Fetal GAs ranged between 19.14 and 39.70 weeks (mean ± SD = 33.59 ± 4.05; median: 34.95; 25 and 75 IQR: 31.30 and 36.40). There were 50 males and 54 females in the sample. For the 16 fetuses with two scans, the second scan was performed at least three weeks after the first visit. The interval between scans ranged from three to 12.9 gestational weeks (mean and SD: 7.4 ± 2.7).

The effect of censoring strategy on fMRI data

Head motion traces for low, medium, and high motion scans are shown in Fig. 1. FDave and FDmax values for uncensored and censored rsfMRI are shown in Table 1. After censoring, FDmax decreased by 25.3, 20.9, 16.3, 11.5, and 5.6% for threshold levels of 2.5, 2.0, 1.5, 1.0, and 0.5 mm, respectively. As expected, censoring with stricter threshold levels made the data more discontinuous, leading to a shorter length of each data chunk (Table 2).

Fig. 1
figure 1

Frame-wise displacement (FD) over time. Motion fluctuation during scans in 3 representative fetuses: low, moderate, and high motion shown in the top, mid, and bottom panels, respectively. Scans exhibited periods of low head motion (< 0.5 mm) interspersed with shorter intervals of higher head movement (e.g., > 1.5 mm). The frequency and intensity of these intermittent high-motion periods varied among scans. For instance, head motion spikes (> 1.5 mm) in the low-motion scan (top panel) occurred only four times (~ 3.6% of scans) compared to more than ten times (~ 22.1% of scans) in the high-motion scan (bottom panel). The average and standard deviation of FD for low-, moderate-, and high-motion scans were 0.42 mm ± 0.42 mm, 0.72 ± 0.65, and 1.15 ± 1.45, respectively.

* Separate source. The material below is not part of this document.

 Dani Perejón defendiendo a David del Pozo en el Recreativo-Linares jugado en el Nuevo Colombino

Table 1 Distribution of frame-wise displacement at different censoring levels.
Table 2 Effect of volume censoring on data continuity.

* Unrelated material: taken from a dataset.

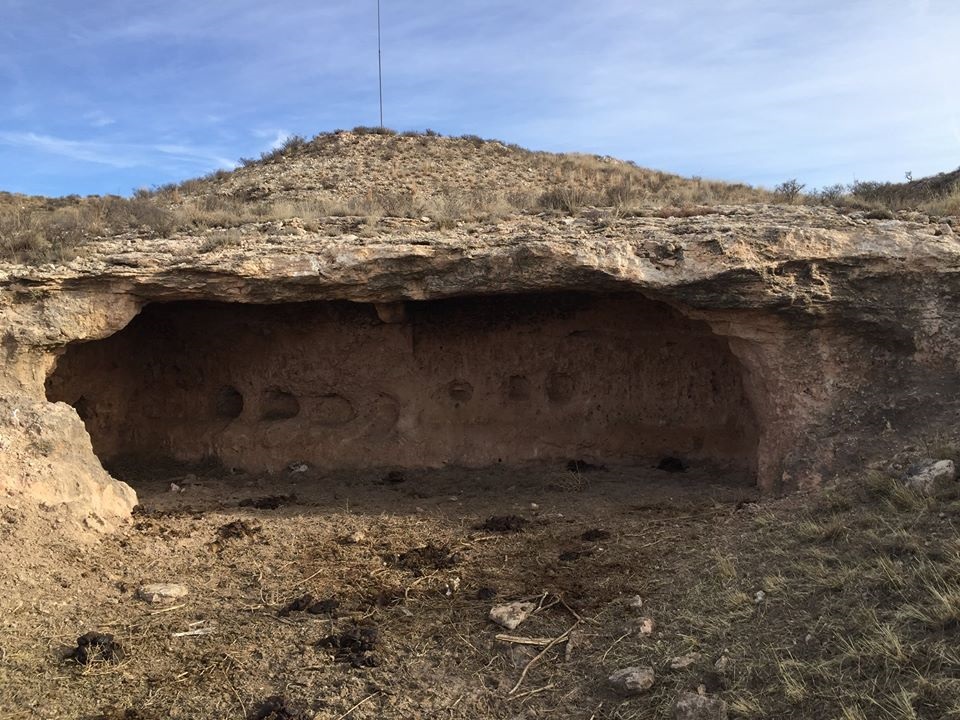Dean Post Office in Texas was actually a cave.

As expected, the data length decreased with more stringent threshold levels (Fig. 2A). At the most stringent censoring threshold of 0.5 mm, some scans had no preserved volumes. Relatedly, fewer scans were available at more stringent thresholds (Fig. 2B). We observed a sharp decrease in the proportion of scans with more than 5 min of preserved data as stricter motion thresholds were applied (orange line in Fig. 2B). More than half of the scans still had data exceeding 1 min (blue line) at the most stringent threshold level of 0.5 mm.

Fig. 2
figure 2

Frame-wise displacement (FD) in fetuses. (A) Available brain volumes decrease at stricter thresholds: without censoring (= 140 vols ~ 7 min) > 0.5 mm > 0.2 mm; light gray line = scan volumes per subject. (B) Percentage of scans of a particular duration available at different censoring thresholds. (C, D) The change of FD level (C: mean FD; D: maximum FD) over increasing GA; line = line of best fit. Uncorrected p-values. *: Significant after FDR-correction.

We investigated the correlation between gestational age (GA) and mean FD at different threshold levels (Fig. 2C). There was no significant correlation between GA and FDave for either uncensored or censored data at any level after multiple comparison correction (r = − 0.06, − 0.20, − 0.21, − 0.19, − 0.19, and − 0.04; uncorrected p = 0.53, 0.03, 0.03, 0.04, 0.04, 0.70; ranging from no censoring to 0.5 mm; FDR-corrected p values > 0.05 for all). In contrast to FDave, FDmax showed a significant correlation with GA when high-motion volumes were censored at the threshold levels of 2.5 mm and 0.5 mm (Fig. 2D; 2.5 mm, r = − 0.27, FDR-corrected p = 0.02; 0.5 mm, r = 0.25, FDR-corrected p = 0.02). We speculate the negative association between GA and FDmax at 2.5 mm was due to the smaller space left in the womb for movement as the fetus gets bigger. It is, however, unclear what drove the positive association at 0.5 mm (1.58 \(\pm\) 1.31 min; min–max: 0–5.85).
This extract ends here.